Xenophobia and racism still abounded, but the lid stayed on the pot. Perhaps when Republicans held both the White House and Congress, conservatives weren’t sweating a thing; for them, people of color, along with all our white liberal friends, were lumped together in one misery-loves-company fringe. But now that the tables have turned, conservatives have positioned themselves as aggrieved victims. (I recall the advice of an older female relative: Always let men you’re in relationships with have all the power; it’s when they lose power and get insecure that your problems start.)
Indeed, has the most irrational breed of 9/11 payback emerged precisely because we elected an African-American president whose middle name — the name of cousins of mine — has turned into an H-word slur? A commander in chief whom the most misled and confused perceive in cartoon cahoots with terrorists, or at least as their religion-mate? As if that weren’t enough, take last year’s Fort Hood gunman, add a helping of the would-be Times Square bomber and top it off with “ground zero mosque” — and voilĂ , a boiling hot summer of anti-Islamic assault. Suddenly, anyone with skin as dark as President Obama’s could be a “secret Muslim,” and any Muslim must surely be a not-so-secret terrorist."
5 comments:
So much in this Shaw.
But here is my struggle...
While not excusing the, and I am quoting former President Bush here, "...the worst of humankind..." we do need to face up to this.
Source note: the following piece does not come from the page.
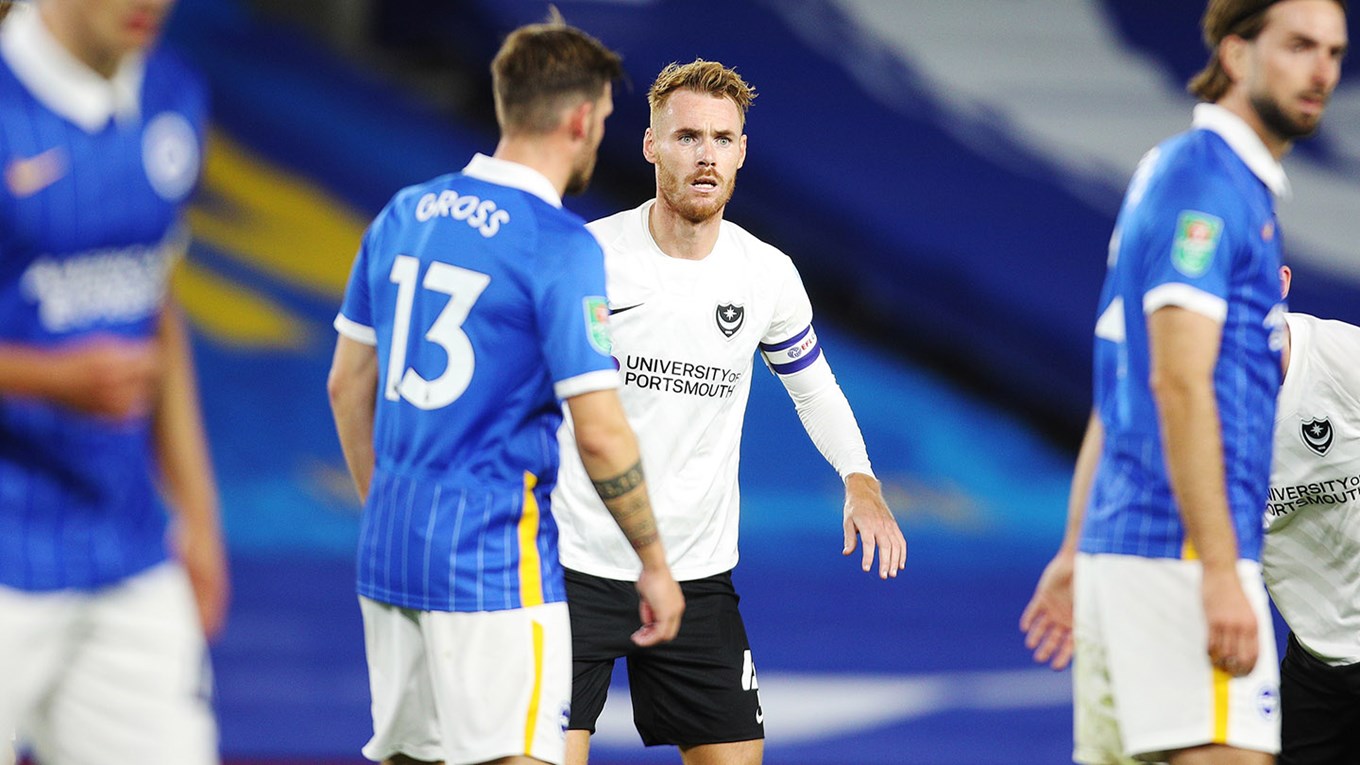 Tom Naylor in Carabao Cup action for Pompey at Brighton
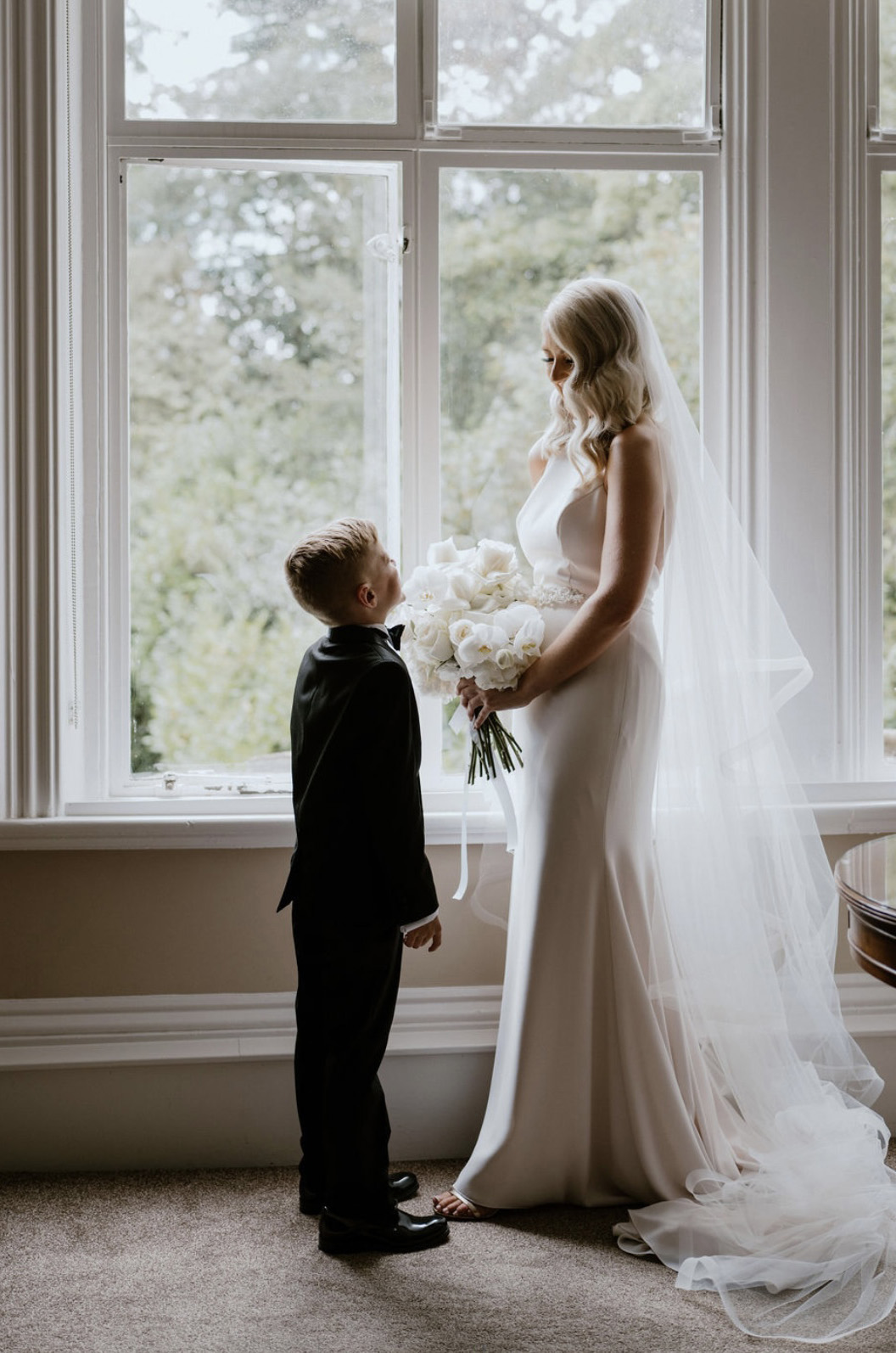 Bride in a halter neck crepe fitted gown is holding a white bouquet, and is posing at a bright open window.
The moderate leaders of Islam, both here and abroad, have not stepped up condemned terrorism as a legitimate form of dissent.
Who were the leaders of predominantly Muslim countries who were critical of their people, or who had the courage to even repeat the words of President Bush as Muslim around the world did celebrate and dance in the streets after 9/11?
I've heard frequently that those leaders would have put their lives in Jeopardy had they gone so, but does that not then give rise to a narrative that says that a radical faction has indeed taken over the peaceful religion?
There are all sorts of problems with the views of many conservative Christian leaders. Robertson, Dobson, Hagee, etc. But while they have the freedom to speak out, they are also balanced by people like Jim Wallis, Rob Bell, and Tony Campolo, people who disagree with the hateful stuff of the former, but who speak out without fear.
How come that seldom happens vis a vis Islam, or if it does, is not making news?
"How come that seldom happens vis a vis Islam, or if it does, is not making news?"
Muslims consistently condemn violence by their extremists.
I would blame the media for not covering this fact.
"A recent study by the newly established Abu Dhabi Gallup Center concluded, "Muslim Americans are satisfied with their current lives and are more optimistic than other faith groups that things are getting better." Muslims in America continue to profess a positive attitude despite being misunderstood by many and demonised by a few.
The Southern Poverty Law Center, an American non-profit civil rights organisation dedicated to combating bigotry, wrote in a recent report that "…certain Americans, [who have been] prodded into paranoia by clever activists, opportunistic politicians and guileful media players, seem downright eager to deny Muslims the guarantees of religious freedom and the presumption of innocence.
One of the most common complaints about Muslims is that they do not condemn terrorism as much as they ought to. Following the London bombings in 2005, New York Times columnist Thomas Friedman wrote, "To this day, no major Muslim cleric or religious body has ever issued a fatwa [a non-binding religious opinion] condemning Osama bin Laden." Such spurious statements help solidify the misperception of Muslims being sympathetic to terrorism. University of Michigan Professor Juan Cole and Professor Charles Kurzman from the University of North Carolina have documented many fatwas and statements from Muslim scholars and groups condemning terrorism. One only need enter the phrases, "Muslims Condemn Terrorism" or "Islamic Statements Against Terrorism", in any online search engine to read the multitude of statements against terrorism.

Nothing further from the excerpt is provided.